(Short text fragments from websites)
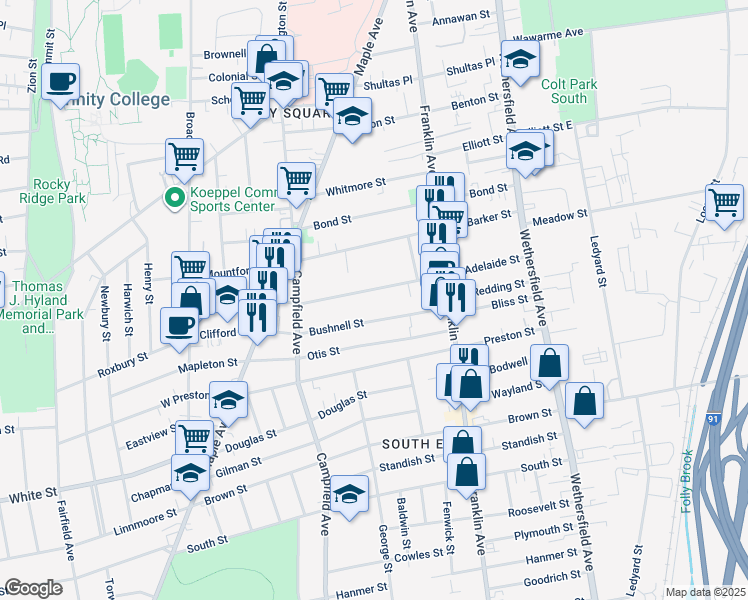 map of restaurants, bars, coffee shops, grocery stores, and more near 74 Bushnell Street in Hartford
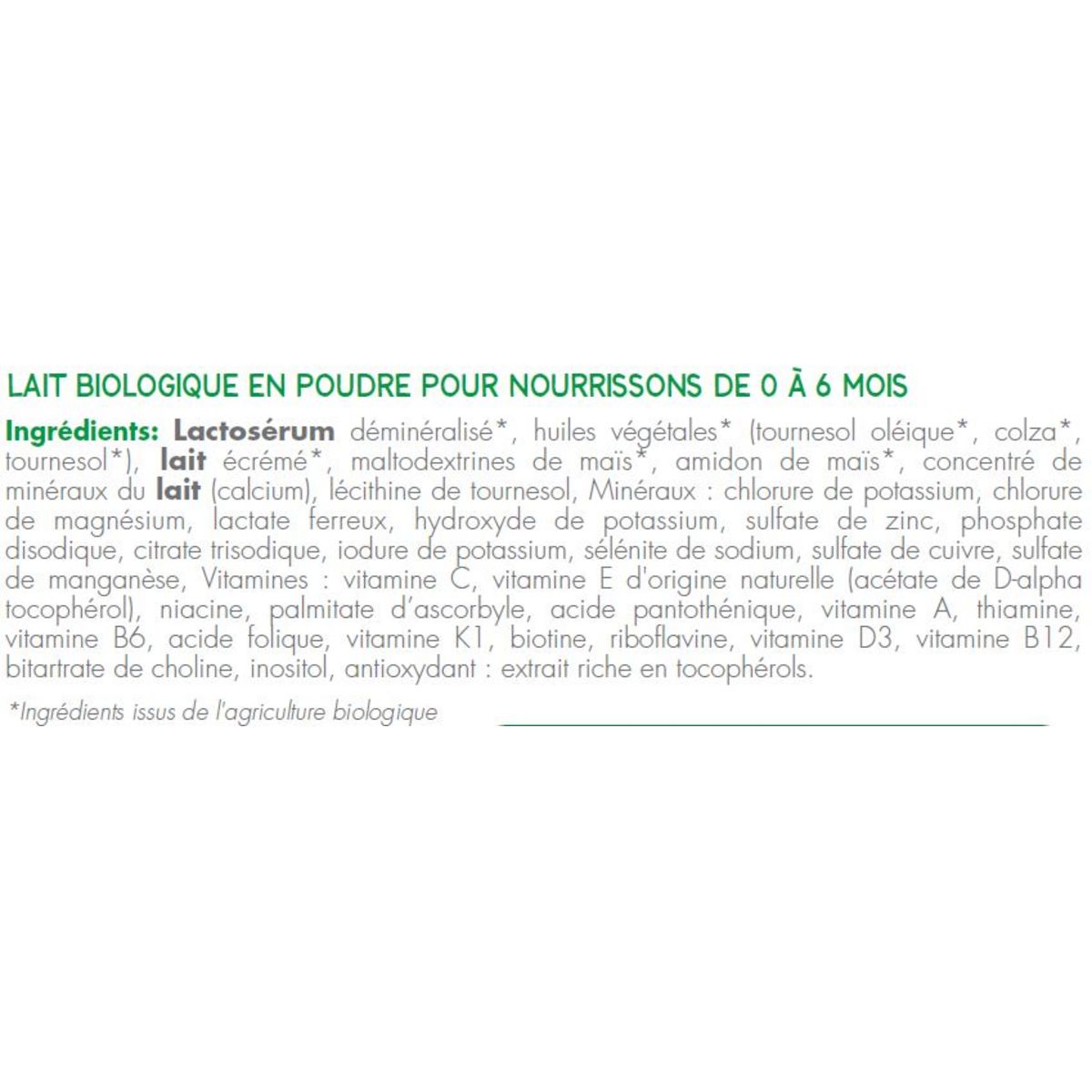 BABYBIO LUNEA BIO Lait infantile 1er âge - Dès la naissance Standard Poudre 900g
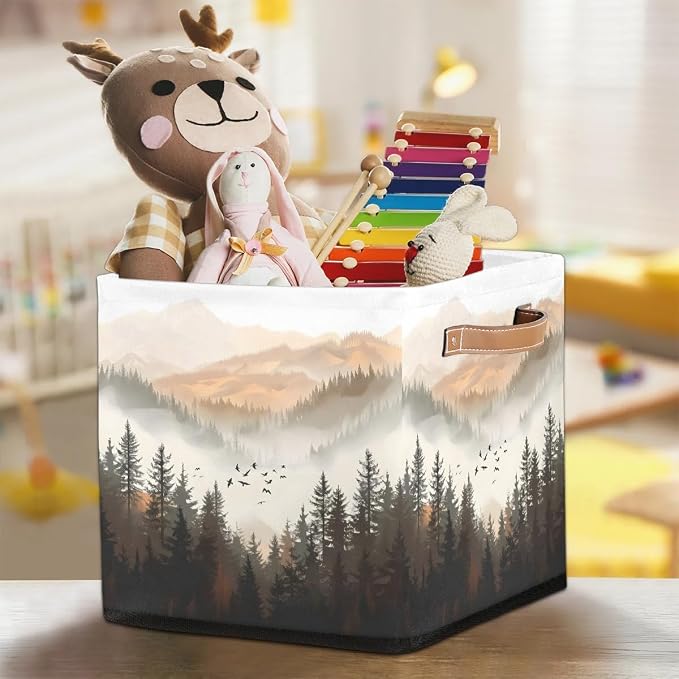 Forest with Mountain Cube Storage Bin, 13 Inch Collapsible Fabric Storage Cubes Bin, Foldable Cube Baskets for Shelf, Closet, Organizer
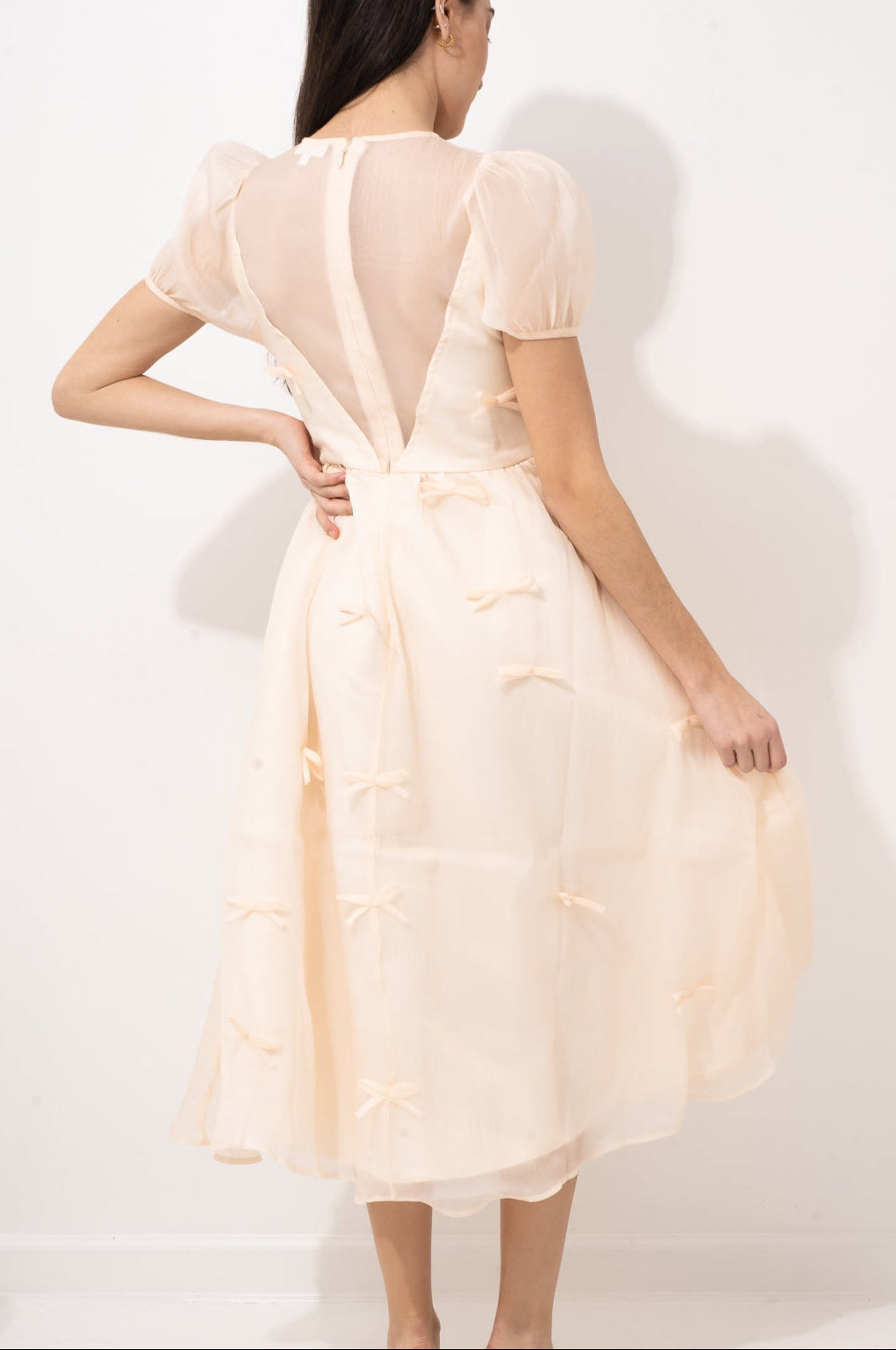 Organza Cream Ribbon Midi Dress S / Cream Organza Cream Ribbon Midi Dress S / Cream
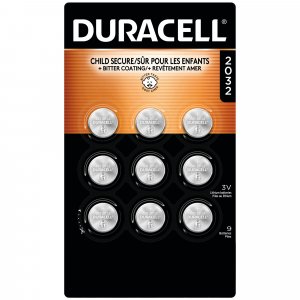 Duracell CR2032 Lithium Battery 3 Volt, 9 Count, Child Safety Features, Compatible with AirTag, Key Fob, Tea Light Candles and Other Devices, 10 Year Storage Guarantee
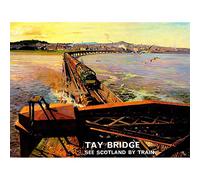 Wee Blue Coo Travel Transport Railway Train Tay Bridge Dundee Scotland River Art Print Poster Wall Decor 12X16 Inch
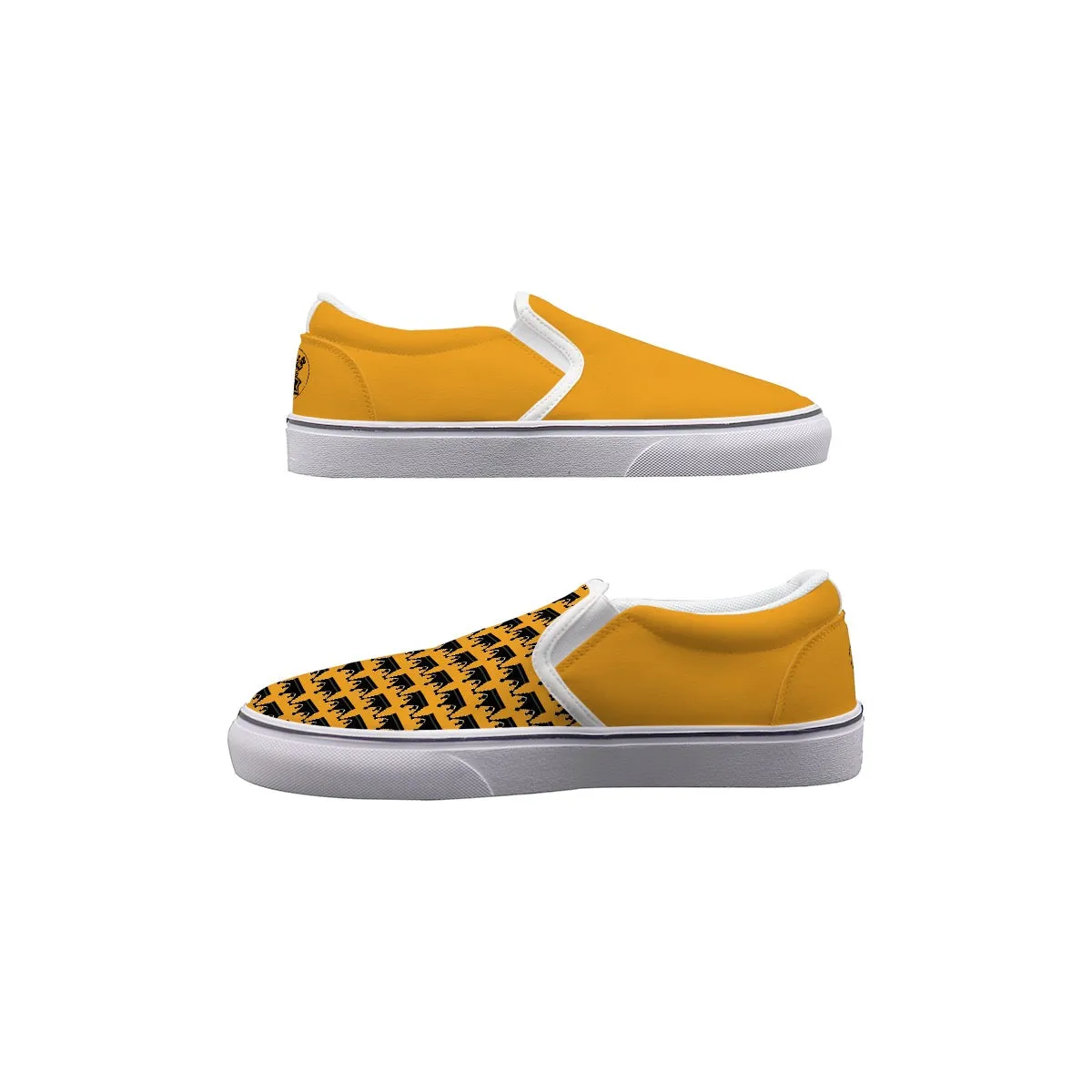 Men's Slip On Sneakers gold crown print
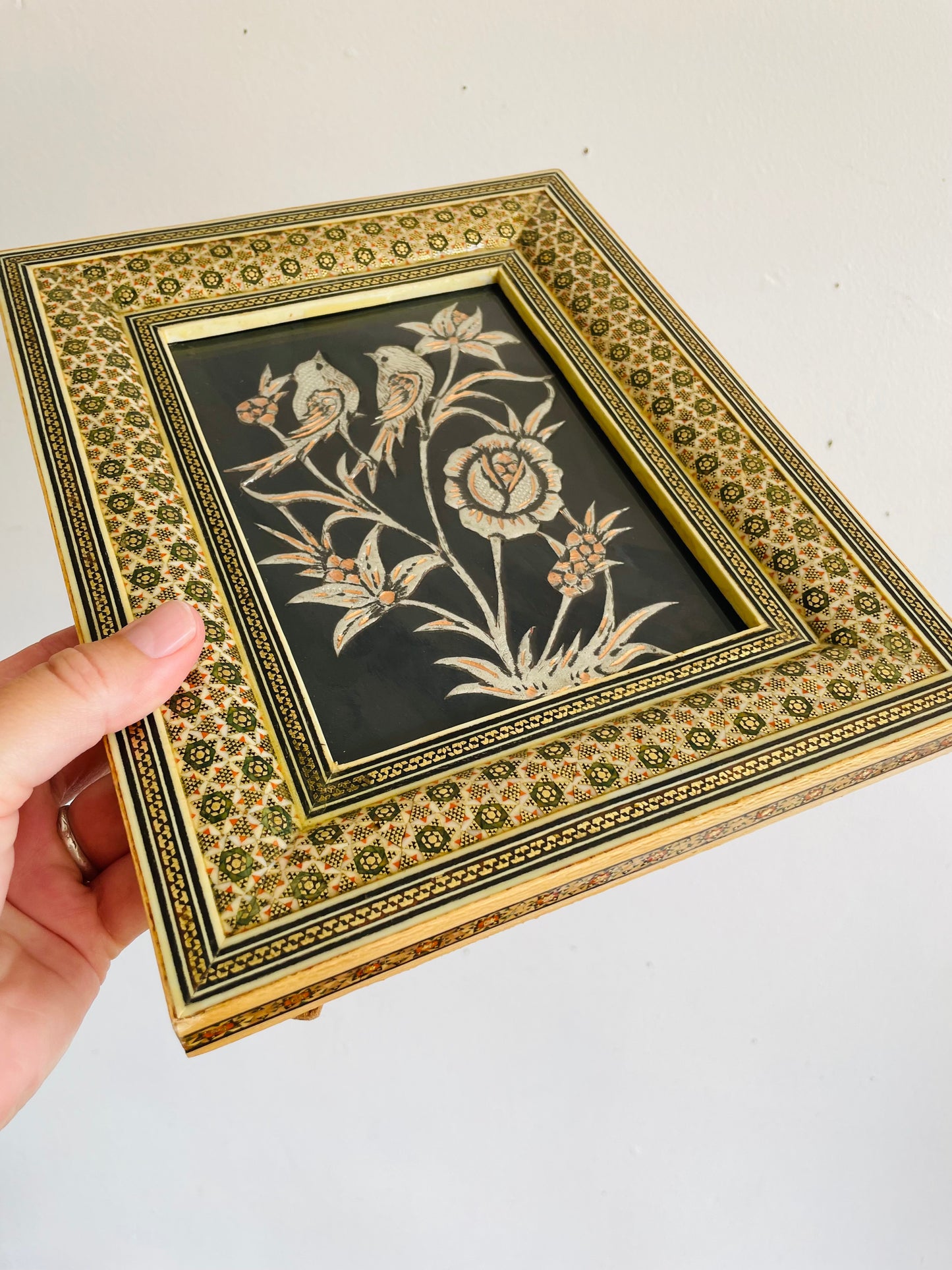 Vintage Persian Khatam Kari Marquetry Frame with Handcrafted Copper & Silver Inlay Picture of Birds & Flowers - Easel Backing
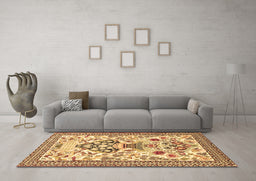 Machine Washable Animal Brown Traditional Rug in a Living Room,, wshtr4819brn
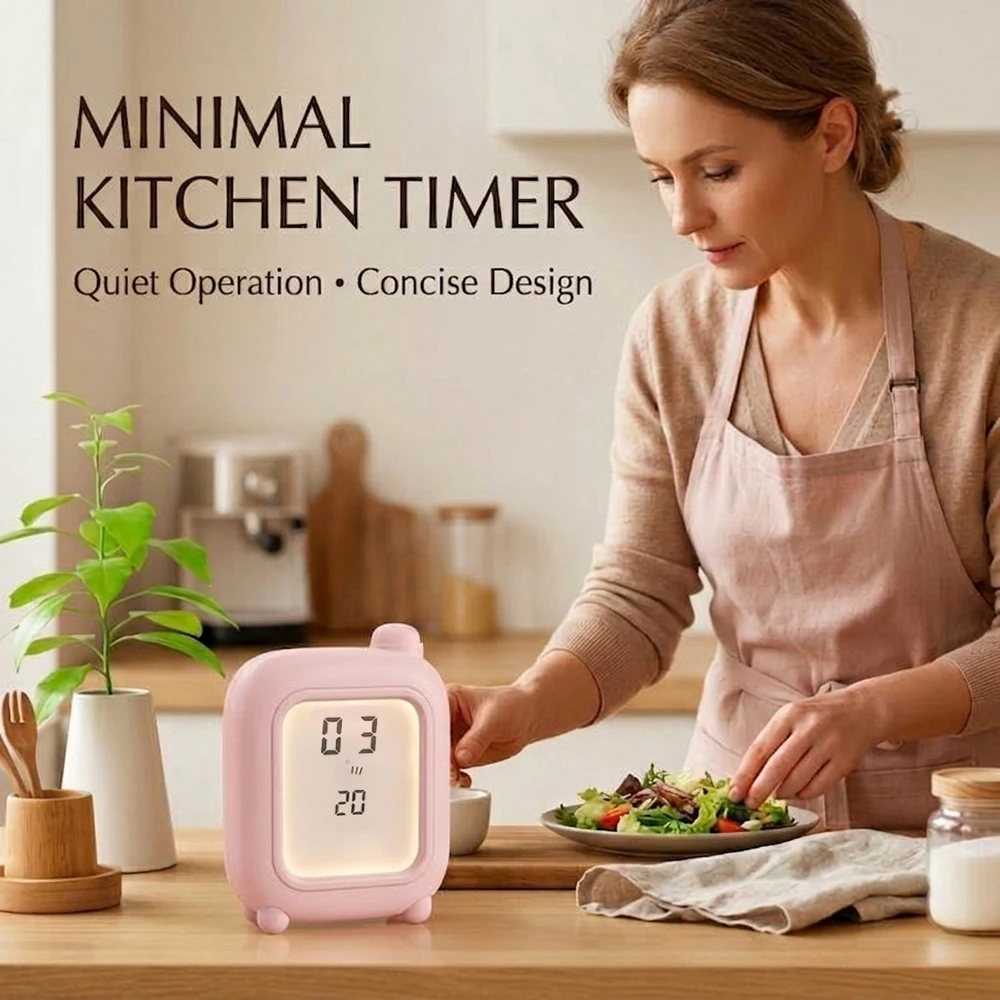 Digital Countdown Alarm Clock with Temperature Time Display Big Backlit Digits Battery-Powered for Kitchen Cooking Baking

▸ Task statement
Print the lines from the beginning of the records up to and including the line containing "BABYBIO LUNEA BIO", word for word, with no pictures.

▸ Output of the exercise
 map of restaurants, bars, coffee shops, grocery stores, and more near 74 Bushnell Street in Hartford
 BABYBIO LUNEA BIO Lait infantile 1er âge - Dès la naissance Standard Poudre 900g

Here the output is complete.